基礎知識

11 PEZA

  • PEZAの最大のメリットは、もちろん5%という法人税率の低さです。フィリピンでは、配当は10%の最終課税のみで、確定申告の対象ではありませんから、PEZA企業に利益をためて、配当で受け取れば、大きなメリットがあります。
  • PEZAの事業には市の事業税はかかりません。市の事業税は売上げにかかってくるので、この恩恵も大きいです。
  • PEZAはメリットも大きいが、最初は大変です。ガッツが無いならあきらめるのもアリでしょう。特に売り上げを本社側でコントロールするようなコストセンターなら、一般企業でいくのも十分ありです。
  • PEZAを万人に勧められない理由は、①Occupancy Permitの手間と時間②報告の手間と時間③引っ越しなどの難しさです。
  • PEZAの認可は、事業ごとに取得するものであって企業ごとではありません。一般企業であっても、ある特定の事業のみに対してPEZAを取得することも可能です。
  • 既存企業がPEZAを取得することも可能ですが、法人税率は0%ではなく5%になると思った方がよいでしょう。
  • PEZAの認可は、事業ごとに取得するものだから、「PEZA企業」という言い方よりも、「PEZA事業」というのが正しいということになります。
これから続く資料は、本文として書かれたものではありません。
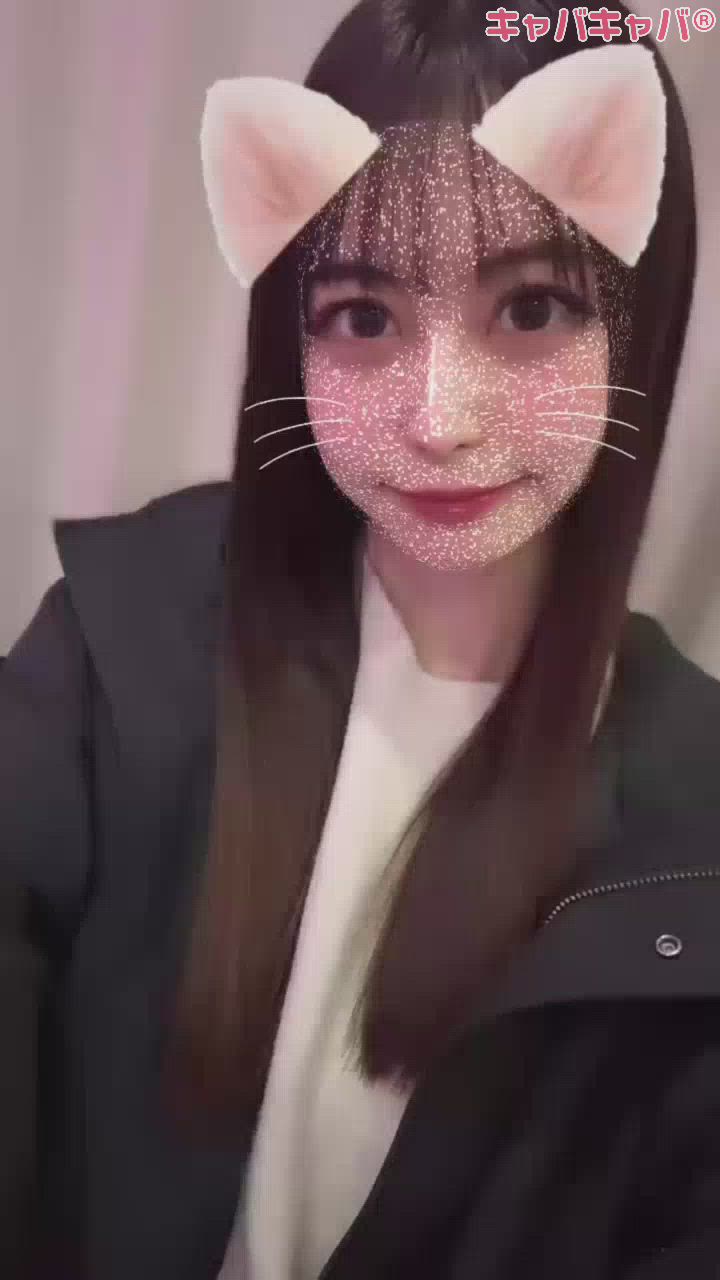 衰え怖い(>︿<。)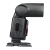 Lampa błyskowa GODOX TT600S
  • PEZA事業と、一般事業が同居する場合は、物理的にも経理的にも、完全に分離しなければなりません。免税区域とそうではない区域だからです。
  • PEZAの認定には何段階かあります。登録だけならわりと簡単ですが、Occupancy Permitを取得するのは、かなり大変です。なかには1年かかる場合もあります。
  • PEZAを取得すると、引越しをするにも許可が要るため、かなりの工数を要します。
  • PEZAは5年目以降は法人税率が5%ですが、計算方法が少し違います。売上げから控除できるのは直接経費だけで、そうやって算出した粗利益の5%が納税額です。
  • PEZAは5年目以降は法人税率が5%だが、そのうちの2%は市役所へ、3%は税務署へ支払います。こういう重要なこともPEZAはわかりやすく説明をしないので、当時はどの企業も混乱状態でした。
  • PEZAの粗利益の計算をする際、直接経費として認められているのは、直接人件費、監督の人件費、原材料費、半製品、製品の減損、生産に使用した消耗品費、燃料費、生産に使用する機械、土地、建物の減価償却費、生産に係わる部分の賃料、生産に係わる資産を調達するにあたって発生した財務費用。
  • PEZA法人税免除(0%)は、最近はなかなか認めてくれません。IT系を見ていると、法人税5%が基本になってきています。PEZAはそのうち制度そのものがなくなるという話もあります。
  • PEZAはレポートの量が多かったのですが、2016年から年次報告が省略され、かなりの負担が減りました。それまでは、重複した内容を、いくつも報告せねばならず、費用も馬鹿になりませんでした。